Skilja Blog

Document Understanding Primer

von | Feb 27, 2012 | Erkennung, Extraktion, Grundlagen, Klassifikation

For a long time document understanding has been a research topic in computer sciences. We have seen conferences discussing concepts and approaches to use computers and machine learning for understanding documents. Quite often this topic appears also in proceedings on text analytics or more recently document analysis.

In recent times also practical applications have become available that provide basic functionality in understanding documents. Typically these applications are used by enterprises to manage large amounts of incoming documents (especially paper) and to offer some kind of automatic recognition and distribution of documents.
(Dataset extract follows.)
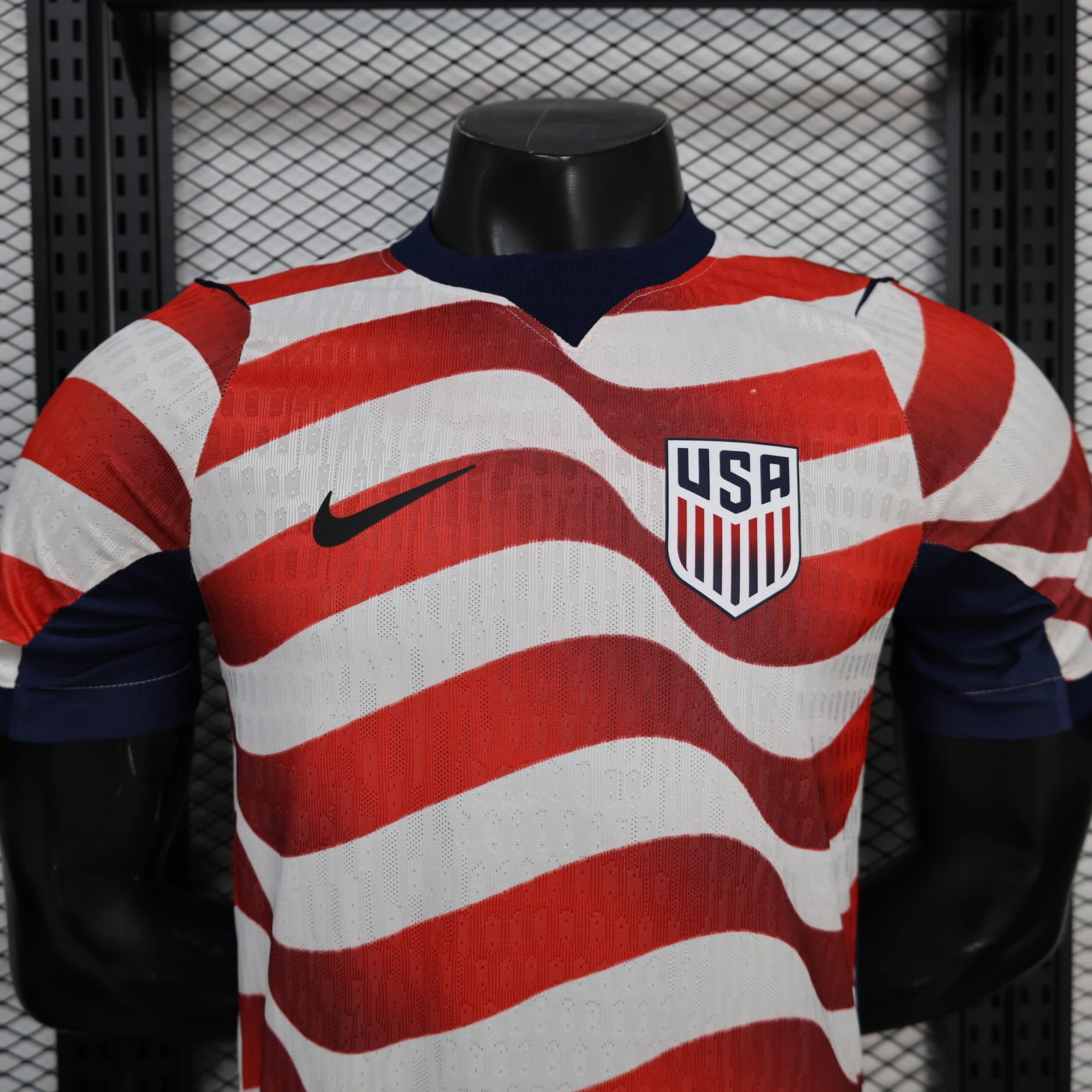 United States 2026 Home Football Jersey secondary view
As these early and simple solutions have proven successful we will soon see a wealth of new concepts that will allow providing much larger benefits to companies and end users making use of this. Therefore let’s take a look what this actually is.
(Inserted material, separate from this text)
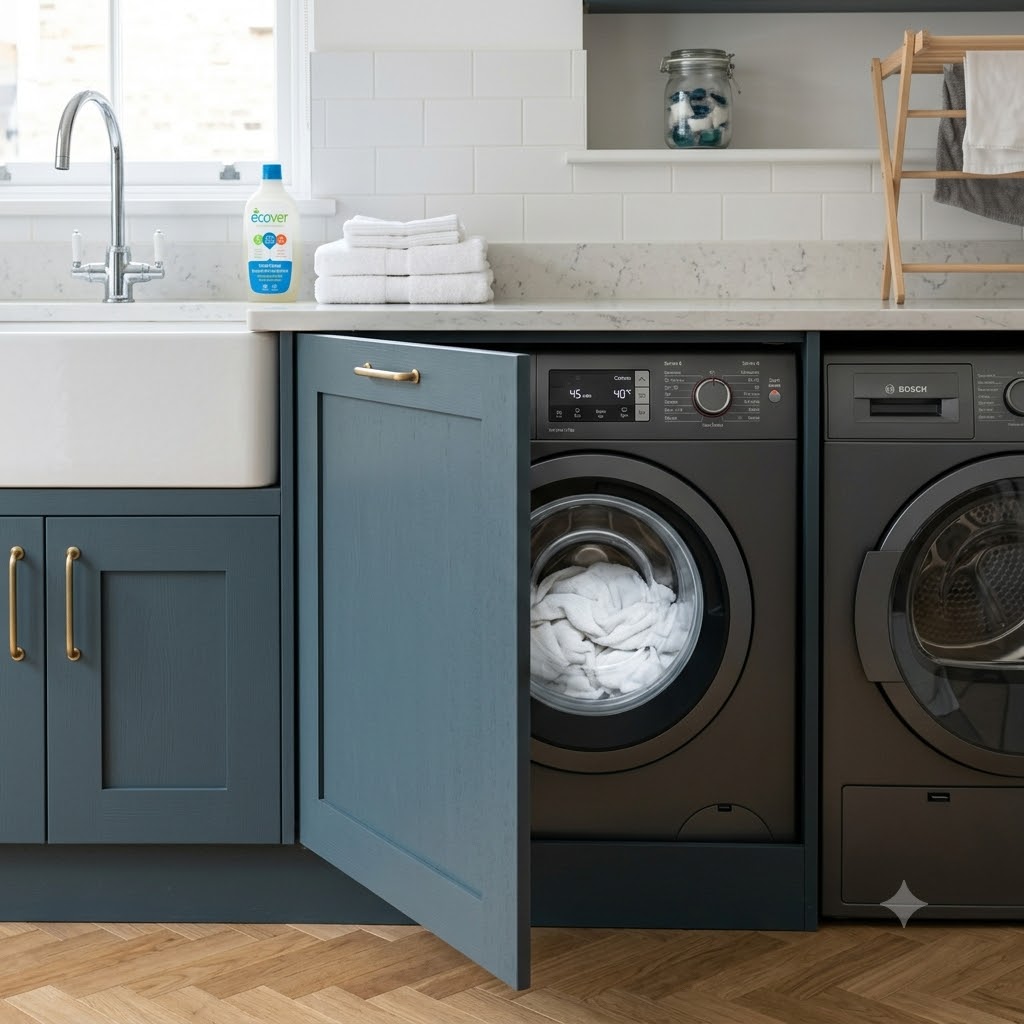 Integrated Washing Machine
The first goal of document understanding is to identify the function and the meaning of a document and its parts. Typically a document is written for a specific purpose which defines its function. An invoice is designed and created to notify a buyer on the goods bought and how much money needs to paid for them along with some other information for accounting and tax purposes. All content of the invoice follows this function. Or an application form in a bank is used to collect all information that is needed to open an account. This document is normally very structured. On the other side an e-Mail (which is also a document) conveys information, opens a discussion and calls for action in a very unstructured way.

So the first step in document understanding is to identify the function and separate the documents to be processed accordingly. Typically this step is called “classification”. However this is only the primary classification as more categorization according to a taxonomy can occur which do not have the purpose to define the function. It is therefore very important to distinguish these two types of classification as a lot of misunderstanding results from confusion between these. The function of a document determines the possible content and the information entities that can be found on it.
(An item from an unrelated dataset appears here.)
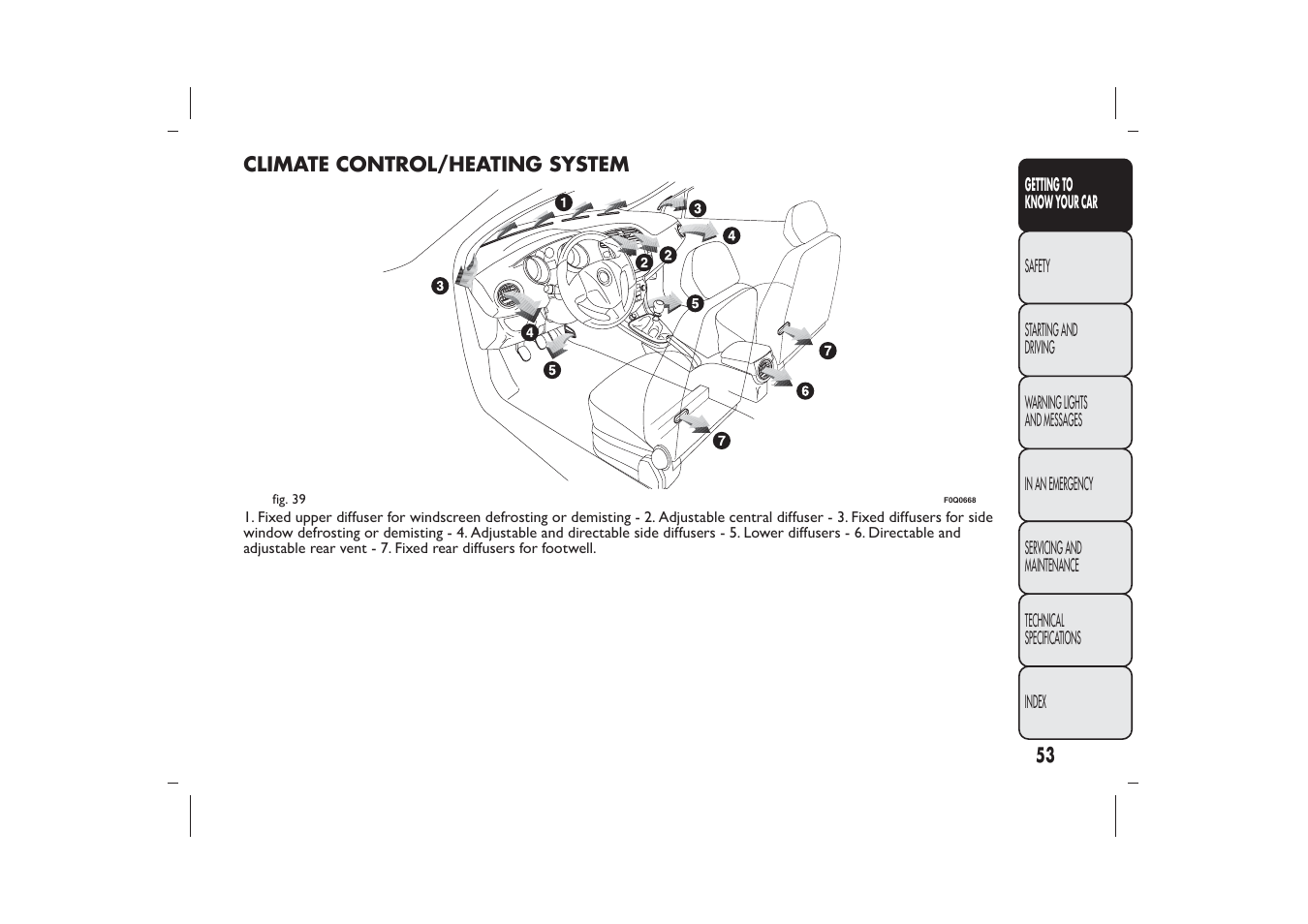 FIAT Bravo User Manual | Page 57 / 299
The second step of understanding is to identify all information entities or predicates of a document related to the function. Typically only a few entities are needed and required (e.g. the amounts on an invoice) but we would prefer to only talk about “understanding” when all entities have been identified. To identify an entity (like a tax amount) it needs to be detected and a meaning must be attached. A number without a meaning is not a predicate. Only if all entities can be labeled with a meaning the computer system really understands the meaning of the document.

In a third step real understanding can take place if the entities are brought into the context of the document function, the purpose of the communication and the other entities. Typically a (business) document triggers an action. Context and correlation between the discovered predicates needs to be analyzed to determine which action. An e-Mail may contain a request to send some information back (which would be an entity “request for information”). But only in context with the rest of the e-Mail, the e-Mail thread or attachments it becomes clear which actions to perform. I will discuss this in more depth in upcoming posts.

As you have seen it is important to know the function of a document or any text to be able to understand its content. And with the knowledge of function (=purpose) and some content we can take action and already have some kind of document understanding. This is what current solutions provide.